3 years ago

Estimating distribution and connectivity of recolonizing American marten in the northeastern United States using expert elicitation techniques

C. M. Aylward, J. D. Murdoch, T. M. Donovan, C. W. Kilpatrick, C. Bernier, J. Katz


The American marten Martes americana is a species of conservation concern in the northeastern United States due to widespread declines from over‐harvesting and habitat loss.

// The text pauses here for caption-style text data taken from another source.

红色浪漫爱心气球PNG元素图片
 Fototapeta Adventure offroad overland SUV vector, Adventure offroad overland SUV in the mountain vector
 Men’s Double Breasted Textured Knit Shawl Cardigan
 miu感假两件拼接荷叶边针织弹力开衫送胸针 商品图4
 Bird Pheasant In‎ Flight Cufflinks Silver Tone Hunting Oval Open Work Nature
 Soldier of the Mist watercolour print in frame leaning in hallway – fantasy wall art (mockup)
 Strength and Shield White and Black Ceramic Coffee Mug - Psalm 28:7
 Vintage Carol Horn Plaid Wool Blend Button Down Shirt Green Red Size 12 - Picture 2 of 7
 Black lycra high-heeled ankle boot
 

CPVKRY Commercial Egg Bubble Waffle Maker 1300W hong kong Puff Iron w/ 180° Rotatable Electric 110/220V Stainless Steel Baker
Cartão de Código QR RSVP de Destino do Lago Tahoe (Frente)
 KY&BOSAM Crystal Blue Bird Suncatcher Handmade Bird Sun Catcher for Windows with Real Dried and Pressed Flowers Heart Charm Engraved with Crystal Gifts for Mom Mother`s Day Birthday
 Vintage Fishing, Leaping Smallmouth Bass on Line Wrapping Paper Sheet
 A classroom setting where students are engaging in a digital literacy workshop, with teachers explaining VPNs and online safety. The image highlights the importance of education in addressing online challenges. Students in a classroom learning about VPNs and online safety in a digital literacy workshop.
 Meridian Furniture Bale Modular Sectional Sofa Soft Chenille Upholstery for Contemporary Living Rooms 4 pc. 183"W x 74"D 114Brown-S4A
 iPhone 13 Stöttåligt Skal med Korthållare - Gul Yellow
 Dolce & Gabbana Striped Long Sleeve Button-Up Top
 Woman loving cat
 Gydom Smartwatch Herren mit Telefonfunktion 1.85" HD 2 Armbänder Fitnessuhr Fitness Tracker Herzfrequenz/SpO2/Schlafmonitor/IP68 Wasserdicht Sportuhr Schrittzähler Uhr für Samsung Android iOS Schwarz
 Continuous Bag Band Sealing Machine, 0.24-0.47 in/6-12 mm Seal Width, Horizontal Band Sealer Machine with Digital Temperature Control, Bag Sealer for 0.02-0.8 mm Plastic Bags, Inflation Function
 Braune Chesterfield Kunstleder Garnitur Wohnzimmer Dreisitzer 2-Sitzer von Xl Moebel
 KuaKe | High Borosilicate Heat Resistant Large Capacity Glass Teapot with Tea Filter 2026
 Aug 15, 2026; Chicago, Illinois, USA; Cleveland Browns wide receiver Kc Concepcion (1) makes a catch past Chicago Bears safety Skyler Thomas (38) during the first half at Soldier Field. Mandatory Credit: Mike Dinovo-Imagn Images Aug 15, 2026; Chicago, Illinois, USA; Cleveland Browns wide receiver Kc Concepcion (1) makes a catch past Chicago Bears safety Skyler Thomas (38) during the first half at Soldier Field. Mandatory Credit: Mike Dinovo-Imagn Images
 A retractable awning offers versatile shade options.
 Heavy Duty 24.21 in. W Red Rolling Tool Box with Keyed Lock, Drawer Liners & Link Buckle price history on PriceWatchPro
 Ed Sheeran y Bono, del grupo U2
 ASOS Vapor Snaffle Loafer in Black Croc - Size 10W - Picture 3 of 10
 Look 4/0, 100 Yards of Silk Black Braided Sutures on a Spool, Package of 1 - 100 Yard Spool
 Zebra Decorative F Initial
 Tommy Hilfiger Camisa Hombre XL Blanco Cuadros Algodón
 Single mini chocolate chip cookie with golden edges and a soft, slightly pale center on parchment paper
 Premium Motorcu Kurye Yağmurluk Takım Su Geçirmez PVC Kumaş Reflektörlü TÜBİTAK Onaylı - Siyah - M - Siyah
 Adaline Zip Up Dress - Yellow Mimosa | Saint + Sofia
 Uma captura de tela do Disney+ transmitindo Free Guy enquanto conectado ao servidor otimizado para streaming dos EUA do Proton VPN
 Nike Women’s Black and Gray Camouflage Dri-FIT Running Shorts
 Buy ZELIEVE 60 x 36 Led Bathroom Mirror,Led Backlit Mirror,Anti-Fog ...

Little information exists on current marten distribution and how landscape characteristics shape patterns of occupancy across the region, which could help develop effective recovery strategies. The rarity of marten and lack of historical distribution records are also problematic for region‐wide conservation planning. Expert opinion can provide a source of information for estimating species–landscape relationships and is especially useful when empirical data are sparse. We created a survey to elicit expert opinion and build a model that describes marten occupancy in the northeastern United States as a function of landscape conditions. We elicited opinions from 18 marten experts that included wildlife managers, trappers and researchers. Each expert estimated occupancy probability at 30 sites in their geographic region of expertise. We, then, fit the response data with a set of 58 models that incorporated the effects of covariates related to forest characteristics, climate, anthropogenic impacts and competition at two spatial scales (1.5 and 5 km radii), and used model selection techniques to determine the best model in the set. Three top models had strong empirical support, which we model averaged based on AIC weights. The final model included effects of five covariates at the 5‐km scale: percent canopy cover (positive), percent spruce‐fir land cover (positive), winter temperature (negative), elevation (positive) and road density (negative). A receiver operating characteristic curve indicated that the model performed well based on recent occurrence records. We mapped distribution across the region and used circuit theory to estimate movement corridors between isolated core populations. The results demonstrate the effectiveness of expert‐opinion data at modeling occupancy for rare species and provide tools for planning marten recovery in the northeastern United States.